As well of as I am alone, it’s nice to have affectionate company around. And to be completely honest, if I were to get into anything serious, I would love to have a partner in crime, a motivator as a lover of mine.
The wait can be so dreary and long, but maybe it needs to be. I guess the right person comes along, they’ll come back around when the time is right, before we feel most comfortable in vulnerability and carry confidence in our lives we have created individually. Or maybe you have already met one another, but the timing was off during that moment of life, then somehow run into one another at a better state.
And those people are the lucky ones.
It’s most important to become your own best friend and to enjoy ones company instead of filling a void with only temporary people. Granted many people you’ll come by in your lifetime that are only temporary, and many of them will carry an impact on you, but save your heart for the lucky ones.
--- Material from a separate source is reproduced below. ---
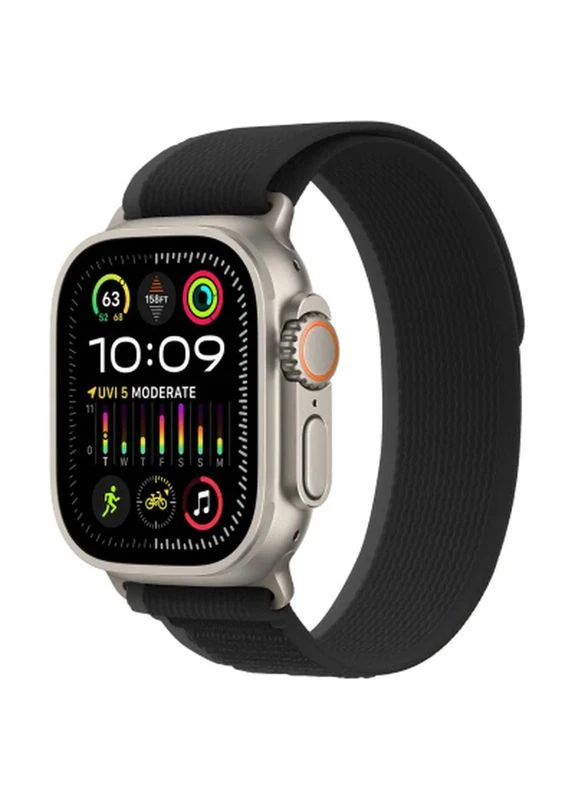 Ремешок для смарт-часов Trail Loop для Apple Watch 42 (Series 11-10)/41/40/38 Green Grey (ARM74227) ArmorStandart (399078485)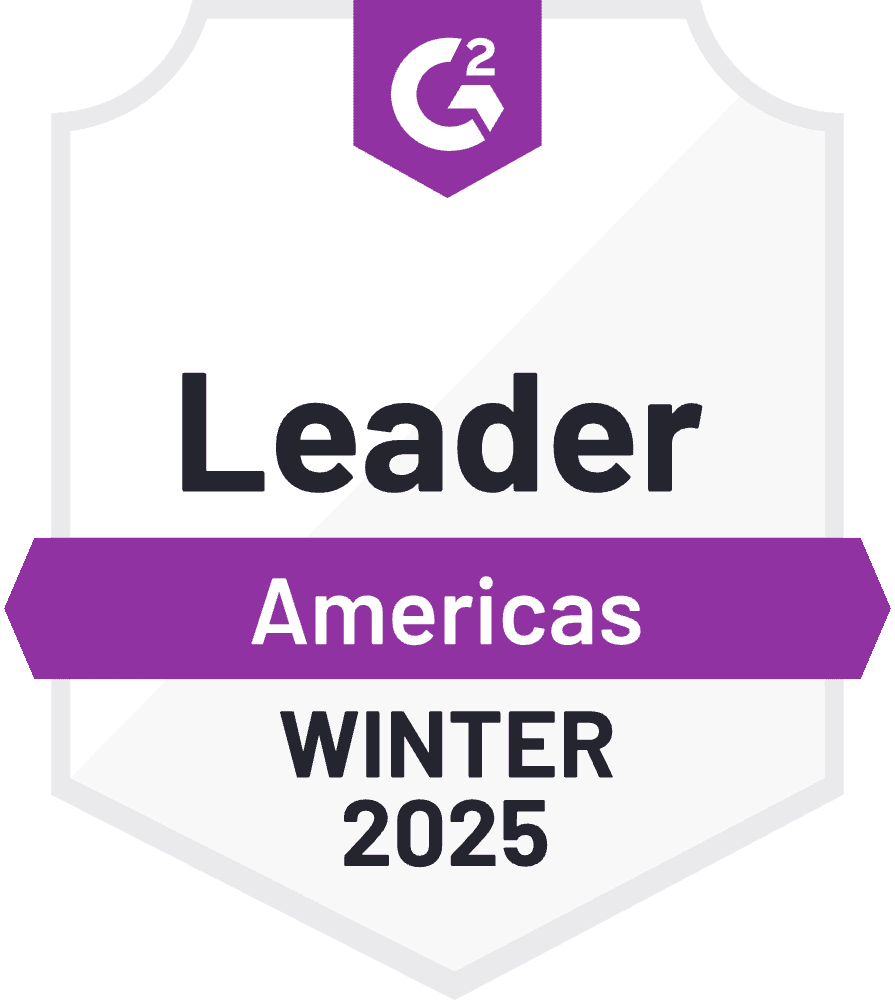 G2 Americas Leader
Save some space for self acceptance and then make room for more lucky ones, man, woman, and/or child.
There are some people worth waiting for, but never put yourself worth and love on hold for someone else.
I like tall buildings, sky scrapers, crowded cities, the sound of cars passing by, reminding me that our life is alive even though are mouths are silent.
I enjoy the country side, with endless sunsets and sunrises, and being able to see the moon and stars in the clear dark sky. Each of those places carry an escape, whether it be the stillness of the country side, or the rumbles of a city that never sleeps.
I’ve been lost in one place
because I’ve been avoiding the space of adventure. I need to follow a specific order, a plan, that will help be a map to my next stop. But what I have come to realize that with choices made, comes different opportunities or even better ones than expected.
Sometimes these options, these passage you take, can change your heart some way. a heart can be shattered, but what counts is if you find and believe that you carry the strength to rebuild again, no matter the difficulty.
Whether the path I’m chosen leads me to the simple, open plains and endless sunrises and sunsets, or the clustered, rumbling sleepless city, or even a foreign land where tongues speak differently; the emotions, the mind, the lessons will be the same despite your settings.
I prefer to stay in a sleepless city for the very idea that I do not like to be left in silence, for my mind will wander, endlessly. But really, I wouldn’t mind sitting in the open plains, lying down thinking endlessly of the freedom my mind has.
I think I may even let myself cry because no one is around me
(I don’t wear my heart on my sleeve).